## Task prompt
Going through the material below, output exactly the lines from the one containing "anfutek L-Shaped Modular" through the one containing "Hip-hop full-diamond butterfly", and no pictures.

## Supplied information
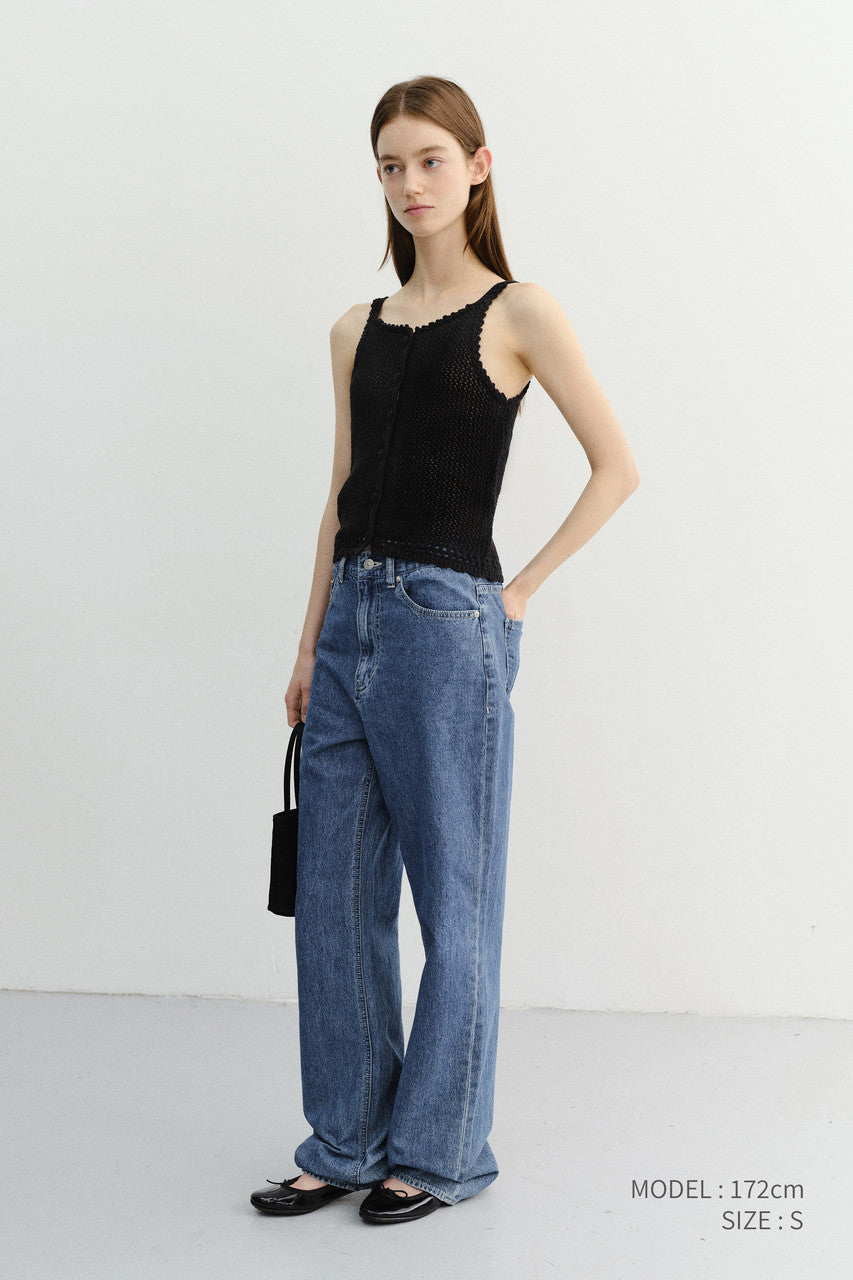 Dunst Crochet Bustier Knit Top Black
---
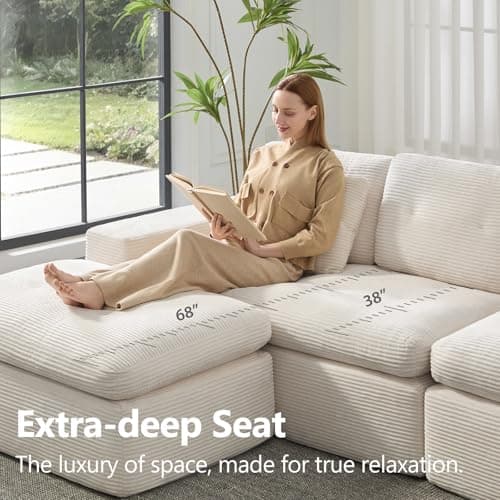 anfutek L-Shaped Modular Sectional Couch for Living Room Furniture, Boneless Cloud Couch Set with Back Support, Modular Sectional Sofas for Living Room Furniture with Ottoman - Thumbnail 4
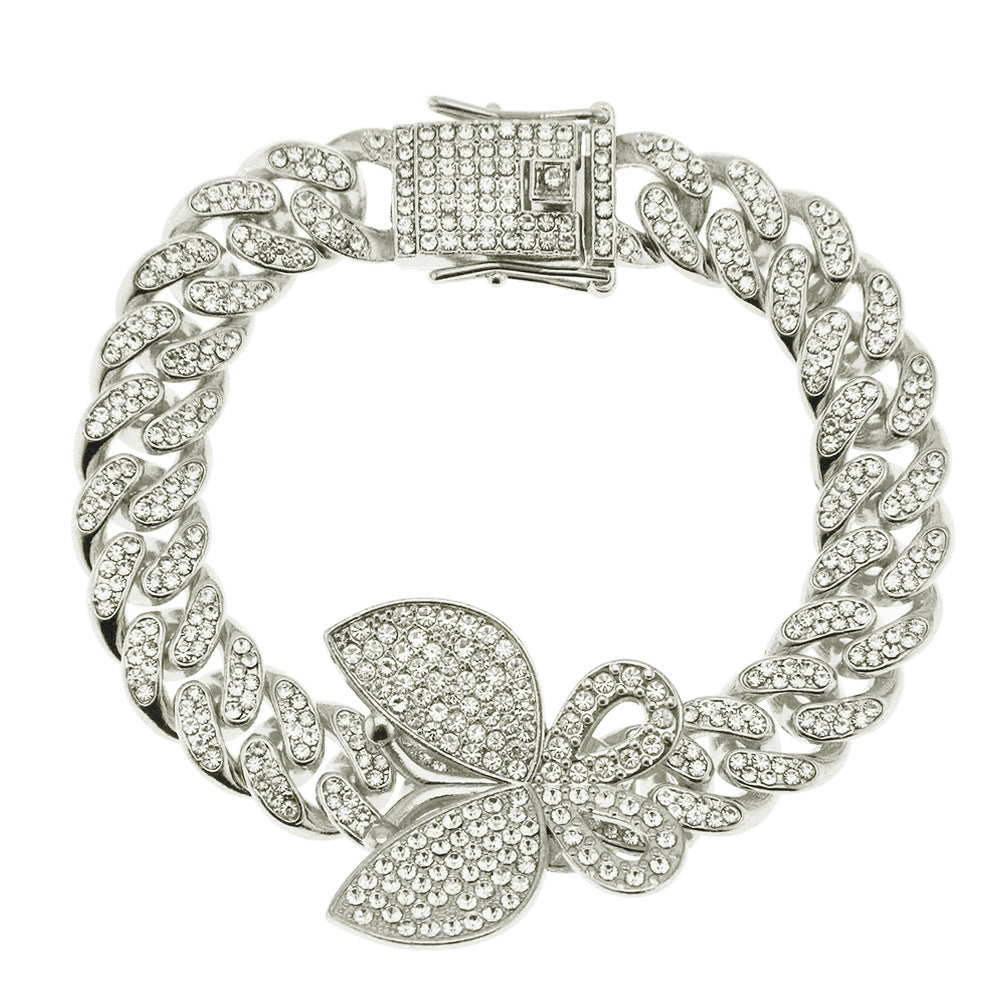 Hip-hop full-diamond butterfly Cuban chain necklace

## Result
 anfutek L-Shaped Modular Sectional Couch for Living Room Furniture, Boneless Cloud Couch Set with Back Support, Modular Sectional Sofas for Living Room Furniture with Ottoman - Thumbnail 4
 Hip-hop full-diamond butterfly Cuban chain necklace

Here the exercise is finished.